Para mi familia, el dinero no es solo algo que atesorar a costa del gozo; también es una forma de clasificarse socialmente. En un viaje reciente al Museo del Palacio de Hong Kong, nos detuvimos a comer en el restaurante del lugar, donde pedí un café con leche bastante rebajado.
Estuvimos charlando durante una hora más o menos hasta que empecé a sentirme fatigada de nuevo y me levanté a comprar un café expreso, algo que me sirviera para aguantar el resto de las seis horas de nuestro paseo a pie. Cuando volví, mis tías, muy atentas, se fijaron en la taza que tenía en la mano.

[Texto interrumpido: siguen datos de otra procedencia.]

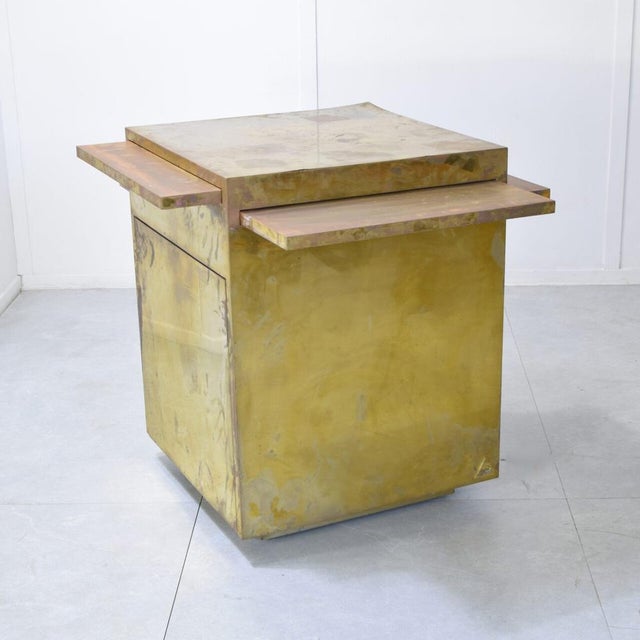 Cube Table Bar, 1970s For Sale - Image 16 of 16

“¿Cuánto costó eso?”, preguntó Dai Ji Maa, mi tía mayor.
“30 dólares hongkoneses”, respondí (entonces cerca de tres dólares estadounidenses).
Un murmullo recorrió el grupo.
“¡Vaya! Tan caro para algo tan pequeño”.
Mis familiares consultaron entre ellos y estuvieron de acuerdo. Era demasiado caro. La taza era demasiado pequeña. La relación entre el líquido y los dólares estaba mal.
“Es más pequeño, pero tiene más cafeína”, expliqué.
Kau Mou, la mujer de mi tío, dijo: “No pasa nada, ¡debe ser rica!”.
Durante las siguientes 24 horas, me criticaron por haber gastado tres dólares; era como si yo hubiera generado la brecha de la riqueza. Todo en broma, pero como prueba de que en mi familia ningún dólar gastado pasa desapercibido.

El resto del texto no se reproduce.